■ BRIEF
Print the lines in the listing below starting at the line with "day / 5 minutes." and ending at the line with "simulacao-de-dados-aneel.jpg", both included. Reproduce them exactly and omit every picture.

*** Opening of DATA UNDER STUDY ***

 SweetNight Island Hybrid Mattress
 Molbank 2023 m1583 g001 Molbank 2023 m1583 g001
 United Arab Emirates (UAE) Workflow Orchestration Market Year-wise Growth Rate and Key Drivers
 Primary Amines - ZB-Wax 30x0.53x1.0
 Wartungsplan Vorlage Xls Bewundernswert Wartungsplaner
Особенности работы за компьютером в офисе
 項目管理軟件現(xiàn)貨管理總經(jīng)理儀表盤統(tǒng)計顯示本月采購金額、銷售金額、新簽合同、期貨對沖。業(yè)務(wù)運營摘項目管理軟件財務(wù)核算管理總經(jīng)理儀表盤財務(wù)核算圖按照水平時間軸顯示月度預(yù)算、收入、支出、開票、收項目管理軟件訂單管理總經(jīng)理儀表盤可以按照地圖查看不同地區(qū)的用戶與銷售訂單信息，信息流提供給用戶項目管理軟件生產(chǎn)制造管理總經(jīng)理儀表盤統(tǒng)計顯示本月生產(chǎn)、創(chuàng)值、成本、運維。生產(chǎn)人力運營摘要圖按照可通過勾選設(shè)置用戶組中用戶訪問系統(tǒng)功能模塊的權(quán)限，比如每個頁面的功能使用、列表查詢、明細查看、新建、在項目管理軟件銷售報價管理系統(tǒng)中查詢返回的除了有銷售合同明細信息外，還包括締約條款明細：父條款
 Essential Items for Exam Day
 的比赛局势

*** Close of DATA UNDER STUDY ***
*** Opening of DATA UNDER STUDY ***

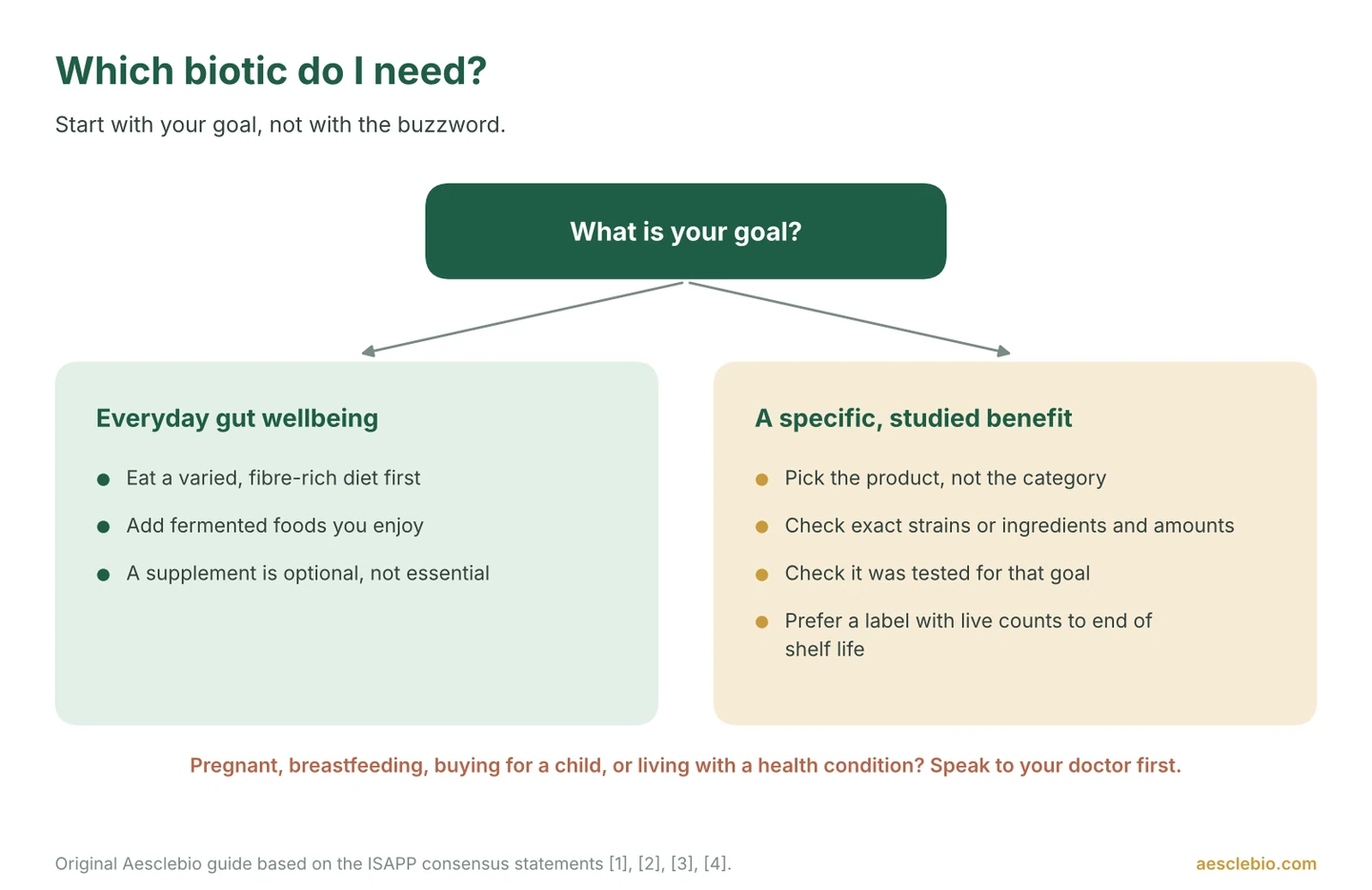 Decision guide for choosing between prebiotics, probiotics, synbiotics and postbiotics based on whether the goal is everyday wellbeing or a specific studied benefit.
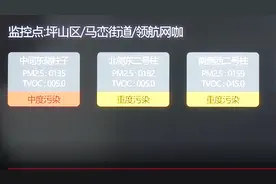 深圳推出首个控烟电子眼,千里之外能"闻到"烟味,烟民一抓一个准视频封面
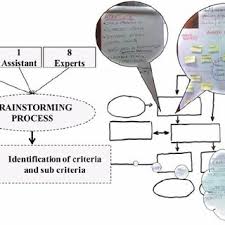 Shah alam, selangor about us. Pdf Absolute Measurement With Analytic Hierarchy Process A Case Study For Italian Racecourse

*** Close of DATA UNDER STUDY ***
*** Opening of DATA UNDER STUDY ***

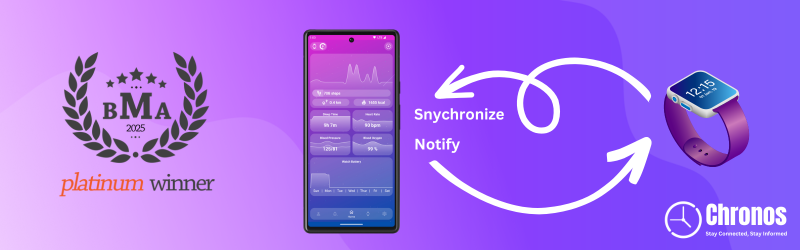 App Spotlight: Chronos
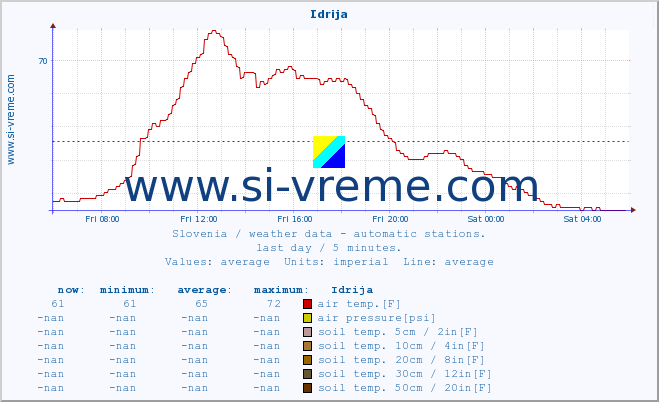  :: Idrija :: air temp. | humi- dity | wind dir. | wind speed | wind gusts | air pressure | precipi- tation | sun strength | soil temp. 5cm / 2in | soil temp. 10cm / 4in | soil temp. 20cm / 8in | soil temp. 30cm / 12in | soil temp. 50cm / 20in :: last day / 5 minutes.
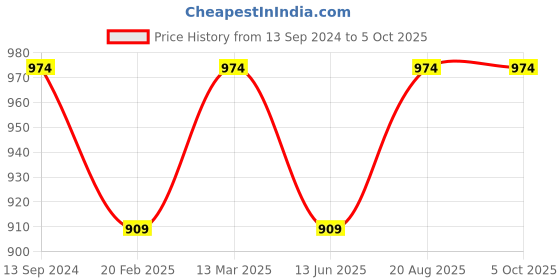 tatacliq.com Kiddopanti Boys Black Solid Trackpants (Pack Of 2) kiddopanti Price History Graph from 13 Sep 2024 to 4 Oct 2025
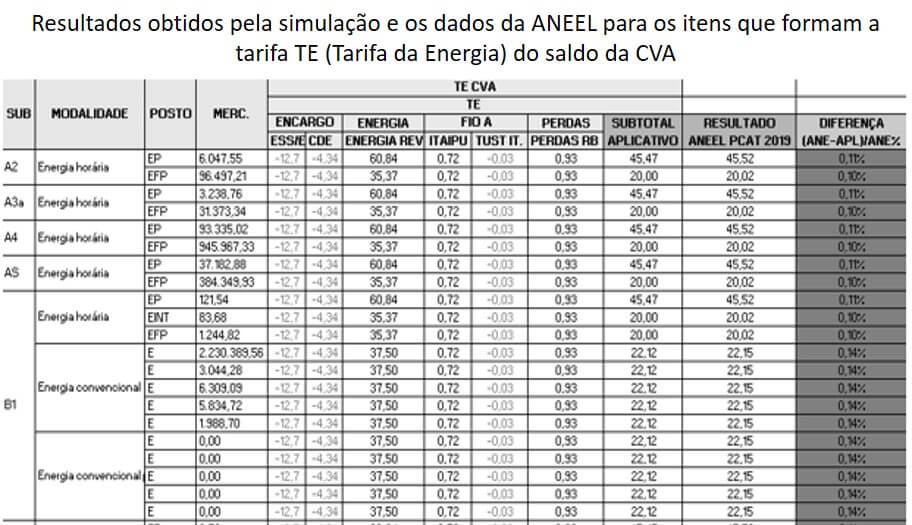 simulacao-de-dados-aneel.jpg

*** Close of DATA UNDER STUDY ***

■ WORKED SOLUTION
  :: Idrija :: air temp. | humi- dity | wind dir. | wind speed | wind gusts | air pressure | precipi- tation | sun strength | soil temp. 5cm / 2in | soil temp. 10cm / 4in | soil temp. 20cm / 8in | soil temp. 30cm / 12in | soil temp. 50cm / 20in :: last day / 5 minutes.
 tatacliq.com Kiddopanti Boys Black Solid Trackpants (Pack Of 2) kiddopanti Price History Graph from 13 Sep 2024 to 4 Oct 2025
 simulacao-de-dados-aneel.jpg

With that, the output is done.